(Given material)
=== Section Start ===

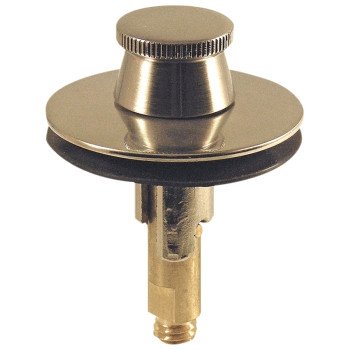 Danco 89258 Stopper, Brass, Brushed Nickel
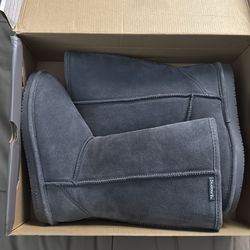 Bearpaw Boots - Grey - Size 8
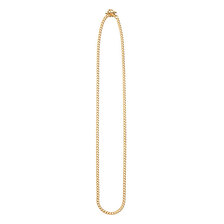 RADIALL MONTE CARLO - WIDE NECKLACE -18K PLATED- RAD-JWL-040-02画像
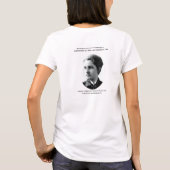 T-shirt Règle de poussins de maths ! (Dos)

=== Section End ===

(Aim of the task)
A faithful copy is needed: reproduce all of the data above, leaving the pictures out.

(Task response)
 Danco 89258 Stopper, Brass, Brushed Nickel
 Bearpaw Boots - Grey - Size 8
 RADIALL MONTE CARLO - WIDE NECKLACE -18K PLATED- RAD-JWL-040-02画像
 T-shirt Règle de poussins de maths ! (Dos)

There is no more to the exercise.